Owen: I think the real challenge in all of this, is about the variability and the scalability. If you know how many virtual machines, how much storage you're going to use and you have that at a fixed level for three years, then actually working out the cloud costs isn't so much a challenge...I think what's more crucial is working out what your likely scalability demands over the next few years ago is going to be. And I think as well as having a likely one, you also need a worst-case and a best-case.
Predictive Analytics/Predictive Modelling and Risk
Bernard: You've almost sort of implied that you need to use Monte Carlo simulations for this. How much (are companies doing) in terms of forward projection?
Owen: I think this is all really a question of risk. So, if an organization is fully cut out to the on-demand way of doing things, then it can scale up and down and it can take risks knowing they've really bet very little on taking that risk. But if an organization is more traditional and they need budgets approved in advance and they have to make a huge expenditure before actually realizing if they paid off or not, then that risk is a lot greater...I think that kind of granular risk management is important, but only if you're the type of organization that isn't fluid enough to be able to to cope with taking small risks because you're fully utilizing the cloud and the organization is resolved around that consumption.

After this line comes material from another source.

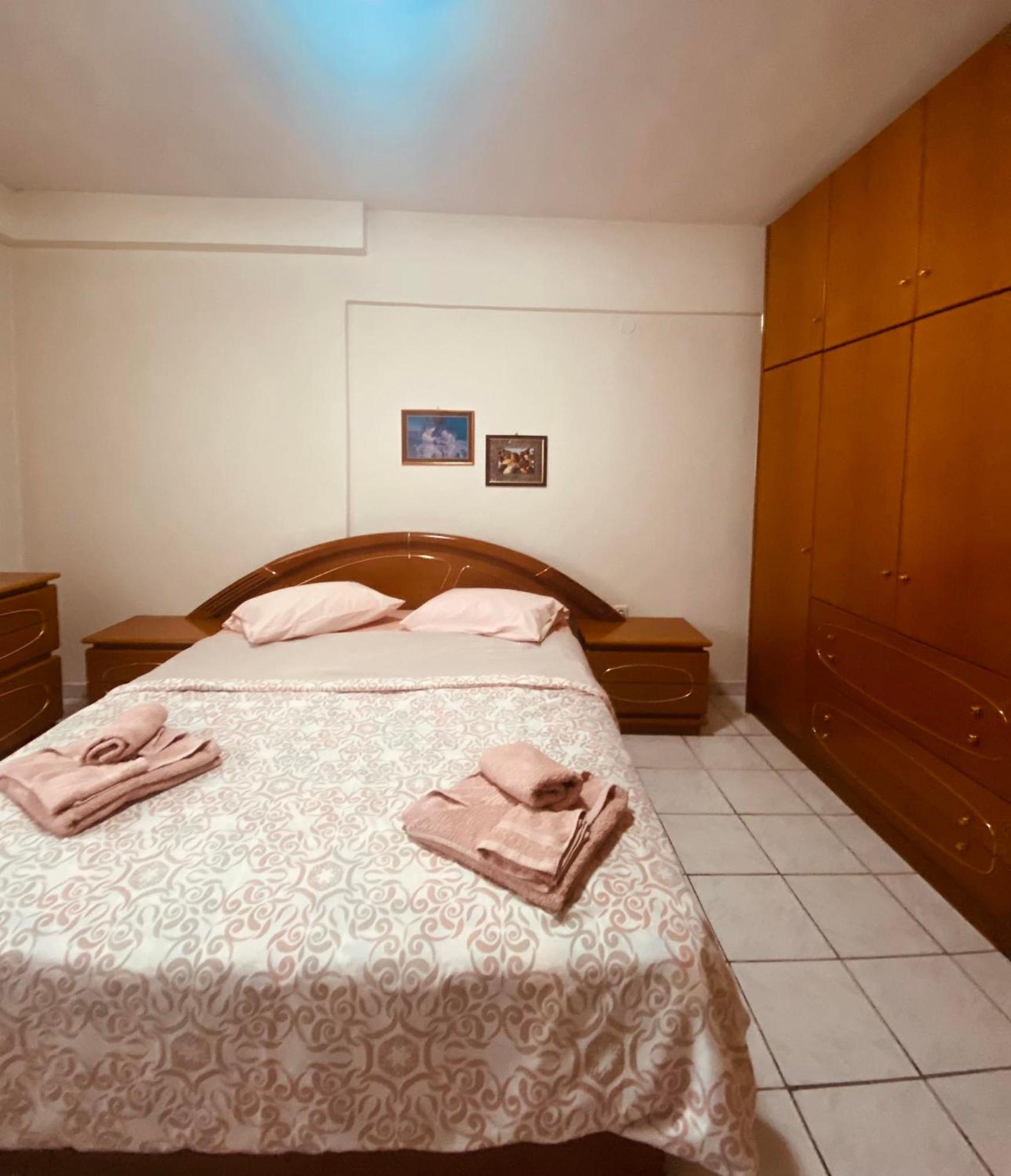 Apartment Elaiones House *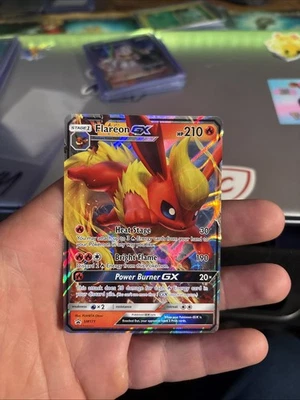 Pokemon TCG Flareon-GX SM171 Ultra Rare Sun & Moon Promo Card NM Condition - Image 1 of 3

Sharon: The way we answer questions like, "What will my consumption look like?", we use a baseline of your existing cloud deployment and extrapolate or estimate the projected cost...We get into pretty accurate numbers...I would like to add one more thing what Owen mentioned on risk. Many companies that are focused on growth will reduce their risk by going to the public cloud...Once they have reached a certain size, they will reconsider their decision and may go back into private cloud and invest in hardware and software. In order to do that, they need to keep their applications portable in a way that they would be able to transit them back and forth between public and private clouds.

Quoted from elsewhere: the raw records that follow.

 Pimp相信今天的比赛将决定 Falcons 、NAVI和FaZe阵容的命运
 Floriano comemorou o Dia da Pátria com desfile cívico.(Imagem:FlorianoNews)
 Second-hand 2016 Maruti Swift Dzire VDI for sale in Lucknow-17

Bernard: Sounds to me like you're making a sales pitch for using a Platform-as-a-Service (PaaS) product...So John,...you might say this is moving forward to "you might want to hedge that risk."

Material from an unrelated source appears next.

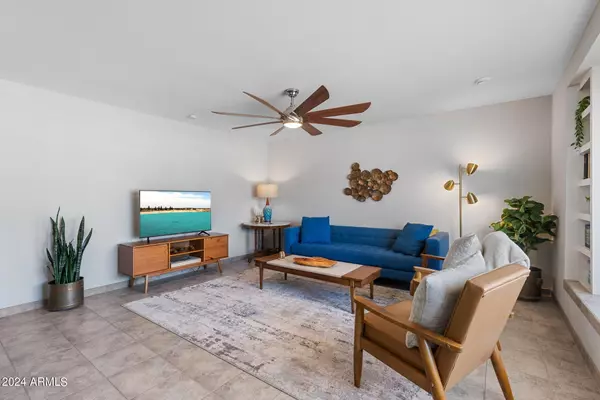 Scottsdale, AZ 85251,8520 E THORNWOOD Drive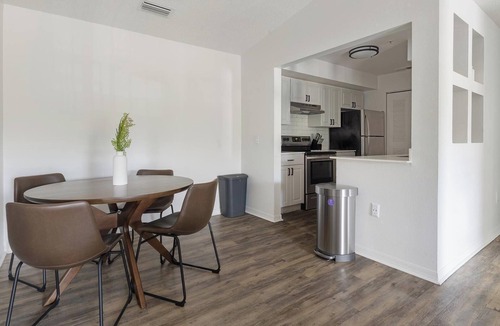 Fruitville Apartment | Landing | Modern 2BD, Gym, Clubhouse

John: At the end at the end of the day this is absolutely about risk mitigation and opportunities to de-risk this for both the buyer and seller, which is why we did the deal with the Chicago Mercantile Exchange...to create, effectively, a legitimate spot exchange between heterogeneous providers and a plethora buyers on the outside. The important point about this is really about price discovery...the supply side can sell on volume on future capacity and...large-scale buyers or intermediaries can buy on volume and distribute those contracts and ultimately resell them if they have to, to manage risk, to hedge risk, but most importantly to give that...data point to the buyer of price discovery. What is the market price for the type of application pattern that I'm hosting internally or externally to deliver service.
Bernard: If you're interested in that world that Sharon talked about, being able to migrate applications...I would encourage you to download the Stackato micro cloud or 20GB cluster.
Sharon: Invest in cloud but make sure that you always measure the ROI.
Owen: Watch out for 451 Research's Cloud Price Index for a handle on how much cloud costing is changing.
John: You can't have a utility if you don't have a single unit of measurement.